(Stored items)
++++++++

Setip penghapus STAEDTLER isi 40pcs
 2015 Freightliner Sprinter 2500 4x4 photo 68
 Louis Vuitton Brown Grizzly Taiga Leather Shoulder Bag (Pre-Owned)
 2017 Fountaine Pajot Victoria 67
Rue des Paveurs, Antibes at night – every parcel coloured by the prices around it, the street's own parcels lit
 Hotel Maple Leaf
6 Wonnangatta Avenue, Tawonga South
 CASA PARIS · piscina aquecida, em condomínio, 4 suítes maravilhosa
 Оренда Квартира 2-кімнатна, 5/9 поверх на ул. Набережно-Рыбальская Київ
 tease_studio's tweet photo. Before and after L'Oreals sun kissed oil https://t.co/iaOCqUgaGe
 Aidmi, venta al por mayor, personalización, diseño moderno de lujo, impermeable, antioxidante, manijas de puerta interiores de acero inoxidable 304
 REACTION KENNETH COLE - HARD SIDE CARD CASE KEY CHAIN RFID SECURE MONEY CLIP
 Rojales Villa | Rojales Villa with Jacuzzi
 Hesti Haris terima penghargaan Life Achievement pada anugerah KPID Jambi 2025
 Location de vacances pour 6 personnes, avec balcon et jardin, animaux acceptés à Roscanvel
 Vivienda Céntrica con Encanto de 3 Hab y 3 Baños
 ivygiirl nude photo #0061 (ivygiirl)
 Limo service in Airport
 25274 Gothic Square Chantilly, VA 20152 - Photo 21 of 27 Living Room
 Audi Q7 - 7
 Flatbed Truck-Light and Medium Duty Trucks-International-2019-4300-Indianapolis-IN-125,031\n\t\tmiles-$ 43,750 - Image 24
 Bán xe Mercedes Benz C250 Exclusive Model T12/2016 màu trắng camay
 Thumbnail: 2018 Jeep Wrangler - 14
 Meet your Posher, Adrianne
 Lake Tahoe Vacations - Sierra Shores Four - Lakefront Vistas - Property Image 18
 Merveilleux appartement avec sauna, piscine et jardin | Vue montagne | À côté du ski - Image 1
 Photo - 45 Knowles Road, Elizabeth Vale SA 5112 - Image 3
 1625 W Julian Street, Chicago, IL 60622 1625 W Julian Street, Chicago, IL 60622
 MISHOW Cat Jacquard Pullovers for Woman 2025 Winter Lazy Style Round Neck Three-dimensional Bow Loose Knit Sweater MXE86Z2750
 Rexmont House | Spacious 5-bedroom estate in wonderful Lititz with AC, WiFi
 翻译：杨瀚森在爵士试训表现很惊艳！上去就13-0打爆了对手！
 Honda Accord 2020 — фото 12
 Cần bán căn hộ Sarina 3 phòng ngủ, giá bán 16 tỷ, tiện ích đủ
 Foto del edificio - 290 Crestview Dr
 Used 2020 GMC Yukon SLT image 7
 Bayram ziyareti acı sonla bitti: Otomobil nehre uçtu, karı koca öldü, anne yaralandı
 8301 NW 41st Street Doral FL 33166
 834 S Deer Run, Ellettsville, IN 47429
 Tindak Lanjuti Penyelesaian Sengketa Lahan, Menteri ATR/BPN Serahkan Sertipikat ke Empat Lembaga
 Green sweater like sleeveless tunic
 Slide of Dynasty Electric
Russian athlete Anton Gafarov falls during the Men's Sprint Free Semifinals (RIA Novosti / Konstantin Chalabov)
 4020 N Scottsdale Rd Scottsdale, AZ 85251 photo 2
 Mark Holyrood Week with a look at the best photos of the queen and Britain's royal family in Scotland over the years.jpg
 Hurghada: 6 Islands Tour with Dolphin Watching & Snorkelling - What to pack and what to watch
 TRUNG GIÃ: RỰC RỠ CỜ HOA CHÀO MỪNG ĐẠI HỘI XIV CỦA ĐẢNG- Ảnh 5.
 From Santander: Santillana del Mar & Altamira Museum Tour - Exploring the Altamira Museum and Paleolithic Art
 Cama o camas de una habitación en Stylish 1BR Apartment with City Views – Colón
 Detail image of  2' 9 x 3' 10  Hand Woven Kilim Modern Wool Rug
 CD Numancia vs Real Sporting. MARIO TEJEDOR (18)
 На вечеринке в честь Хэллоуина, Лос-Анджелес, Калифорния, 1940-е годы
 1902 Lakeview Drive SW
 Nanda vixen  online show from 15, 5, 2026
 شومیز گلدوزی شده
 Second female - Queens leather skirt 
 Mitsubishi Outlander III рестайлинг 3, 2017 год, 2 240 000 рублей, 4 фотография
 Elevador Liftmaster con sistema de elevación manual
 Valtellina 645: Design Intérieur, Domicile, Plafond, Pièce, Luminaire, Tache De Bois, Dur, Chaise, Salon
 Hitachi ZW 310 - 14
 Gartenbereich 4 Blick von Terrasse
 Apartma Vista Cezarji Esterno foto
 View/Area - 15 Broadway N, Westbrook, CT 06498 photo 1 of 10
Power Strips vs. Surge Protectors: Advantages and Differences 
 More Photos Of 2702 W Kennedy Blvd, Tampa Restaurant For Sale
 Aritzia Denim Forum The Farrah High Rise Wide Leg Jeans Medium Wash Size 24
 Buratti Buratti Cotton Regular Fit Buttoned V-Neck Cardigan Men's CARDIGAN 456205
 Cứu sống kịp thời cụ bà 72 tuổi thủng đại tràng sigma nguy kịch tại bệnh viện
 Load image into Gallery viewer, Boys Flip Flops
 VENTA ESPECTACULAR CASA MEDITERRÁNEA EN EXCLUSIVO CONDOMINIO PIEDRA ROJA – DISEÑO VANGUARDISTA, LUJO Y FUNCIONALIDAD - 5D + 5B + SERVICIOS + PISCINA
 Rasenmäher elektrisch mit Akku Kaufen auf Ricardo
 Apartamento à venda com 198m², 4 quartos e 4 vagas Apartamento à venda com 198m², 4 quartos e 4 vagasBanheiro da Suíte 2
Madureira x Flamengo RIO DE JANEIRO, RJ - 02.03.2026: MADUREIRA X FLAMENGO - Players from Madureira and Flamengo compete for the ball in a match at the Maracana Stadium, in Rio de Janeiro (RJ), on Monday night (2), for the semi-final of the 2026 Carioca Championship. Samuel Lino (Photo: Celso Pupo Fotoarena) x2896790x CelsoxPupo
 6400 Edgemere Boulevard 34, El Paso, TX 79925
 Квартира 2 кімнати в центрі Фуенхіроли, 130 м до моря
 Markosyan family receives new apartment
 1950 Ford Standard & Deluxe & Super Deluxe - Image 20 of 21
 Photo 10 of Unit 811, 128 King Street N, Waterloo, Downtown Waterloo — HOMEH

++++++++

#### Problem details
The records above need to be retyped in full, exactly as they stand.

#### Response to this task
Setip penghapus STAEDTLER isi 40pcs
 2015 Freightliner Sprinter 2500 4x4 photo 68
 Louis Vuitton Brown Grizzly Taiga Leather Shoulder Bag (Pre-Owned)
 2017 Fountaine Pajot Victoria 67
Rue des Paveurs, Antibes at night – every parcel coloured by the prices around it, the street's own parcels lit
 Hotel Maple Leaf
6 Wonnangatta Avenue, Tawonga South
 CASA PARIS · piscina aquecida, em condomínio, 4 suítes maravilhosa
 Оренда Квартира 2-кімнатна, 5/9 поверх на ул. Набережно-Рыбальская Київ
 tease_studio's tweet photo. Before and after L'Oreals sun kissed oil https://t.co/iaOCqUgaGe
 Aidmi, venta al por mayor, personalización, diseño moderno de lujo, impermeable, antioxidante, manijas de puerta interiores de acero inoxidable 304
 REACTION KENNETH COLE - HARD SIDE CARD CASE KEY CHAIN RFID SECURE MONEY CLIP
 Rojales Villa | Rojales Villa with Jacuzzi
 Hesti Haris terima penghargaan Life Achievement pada anugerah KPID Jambi 2025
 Location de vacances pour 6 personnes, avec balcon et jardin, animaux acceptés à Roscanvel
 Vivienda Céntrica con Encanto de 3 Hab y 3 Baños
 ivygiirl nude photo #0061 (ivygiirl)
 Limo service in Airport
 25274 Gothic Square Chantilly, VA 20152 - Photo 21 of 27 Living Room
 Audi Q7 - 7
 Flatbed Truck-Light and Medium Duty Trucks-International-2019-4300-Indianapolis-IN-125,031\n\t\tmiles-$ 43,750 - Image 24
 Bán xe Mercedes Benz C250 Exclusive Model T12/2016 màu trắng camay
 Thumbnail: 2018 Jeep Wrangler - 14
 Meet your Posher, Adrianne
 Lake Tahoe Vacations - Sierra Shores Four - Lakefront Vistas - Property Image 18
 Merveilleux appartement avec sauna, piscine et jardin | Vue montagne | À côté du ski - Image 1
 Photo - 45 Knowles Road, Elizabeth Vale SA 5112 - Image 3
 1625 W Julian Street, Chicago, IL 60622 1625 W Julian Street, Chicago, IL 60622
 MISHOW Cat Jacquard Pullovers for Woman 2025 Winter Lazy Style Round Neck Three-dimensional Bow Loose Knit Sweater MXE86Z2750
 Rexmont House | Spacious 5-bedroom estate in wonderful Lititz with AC, WiFi
 翻译：杨瀚森在爵士试训表现很惊艳！上去就13-0打爆了对手！
 Honda Accord 2020 — фото 12
 Cần bán căn hộ Sarina 3 phòng ngủ, giá bán 16 tỷ, tiện ích đủ
 Foto del edificio - 290 Crestview Dr
 Used 2020 GMC Yukon SLT image 7
 Bayram ziyareti acı sonla bitti: Otomobil nehre uçtu, karı koca öldü, anne yaralandı
 8301 NW 41st Street Doral FL 33166
 834 S Deer Run, Ellettsville, IN 47429
 Tindak Lanjuti Penyelesaian Sengketa Lahan, Menteri ATR/BPN Serahkan Sertipikat ke Empat Lembaga
 Green sweater like sleeveless tunic
 Slide of Dynasty Electric
Russian athlete Anton Gafarov falls during the Men's Sprint Free Semifinals (RIA Novosti / Konstantin Chalabov)
 4020 N Scottsdale Rd Scottsdale, AZ 85251 photo 2
 Mark Holyrood Week with a look at the best photos of the queen and Britain's royal family in Scotland over the years.jpg
 Hurghada: 6 Islands Tour with Dolphin Watching & Snorkelling - What to pack and what to watch
 TRUNG GIÃ: RỰC RỠ CỜ HOA CHÀO MỪNG ĐẠI HỘI XIV CỦA ĐẢNG- Ảnh 5.
 From Santander: Santillana del Mar & Altamira Museum Tour - Exploring the Altamira Museum and Paleolithic Art
 Cama o camas de una habitación en Stylish 1BR Apartment with City Views – Colón
 Detail image of  2' 9 x 3' 10  Hand Woven Kilim Modern Wool Rug
 CD Numancia vs Real Sporting. MARIO TEJEDOR (18)
 На вечеринке в честь Хэллоуина, Лос-Анджелес, Калифорния, 1940-е годы
 1902 Lakeview Drive SW
 Nanda vixen  online show from 15, 5, 2026
 شومیز گلدوزی شده
 Second female - Queens leather skirt 
 Mitsubishi Outlander III рестайлинг 3, 2017 год, 2 240 000 рублей, 4 фотография
 Elevador Liftmaster con sistema de elevación manual
 Valtellina 645: Design Intérieur, Domicile, Plafond, Pièce, Luminaire, Tache De Bois, Dur, Chaise, Salon
 Hitachi ZW 310 - 14
 Gartenbereich 4 Blick von Terrasse
 Apartma Vista Cezarji Esterno foto
 View/Area - 15 Broadway N, Westbrook, CT 06498 photo 1 of 10
Power Strips vs. Surge Protectors: Advantages and Differences 
 More Photos Of 2702 W Kennedy Blvd, Tampa Restaurant For Sale
 Aritzia Denim Forum The Farrah High Rise Wide Leg Jeans Medium Wash Size 24
 Buratti Buratti Cotton Regular Fit Buttoned V-Neck Cardigan Men's CARDIGAN 456205
 Cứu sống kịp thời cụ bà 72 tuổi thủng đại tràng sigma nguy kịch tại bệnh viện
 Load image into Gallery viewer, Boys Flip Flops
 VENTA ESPECTACULAR CASA MEDITERRÁNEA EN EXCLUSIVO CONDOMINIO PIEDRA ROJA – DISEÑO VANGUARDISTA, LUJO Y FUNCIONALIDAD - 5D + 5B + SERVICIOS + PISCINA
 Rasenmäher elektrisch mit Akku Kaufen auf Ricardo
 Apartamento à venda com 198m², 4 quartos e 4 vagas Apartamento à venda com 198m², 4 quartos e 4 vagasBanheiro da Suíte 2
Madureira x Flamengo RIO DE JANEIRO, RJ - 02.03.2026: MADUREIRA X FLAMENGO - Players from Madureira and Flamengo compete for the ball in a match at the Maracana Stadium, in Rio de Janeiro (RJ), on Monday night (2), for the semi-final of the 2026 Carioca Championship. Samuel Lino (Photo: Celso Pupo Fotoarena) x2896790x CelsoxPupo
 6400 Edgemere Boulevard 34, El Paso, TX 79925
 Квартира 2 кімнати в центрі Фуенхіроли, 130 м до моря
 Markosyan family receives new apartment
 1950 Ford Standard & Deluxe & Super Deluxe - Image 20 of 21
 Photo 10 of Unit 811, 128 King Street N, Waterloo, Downtown Waterloo — HOMEH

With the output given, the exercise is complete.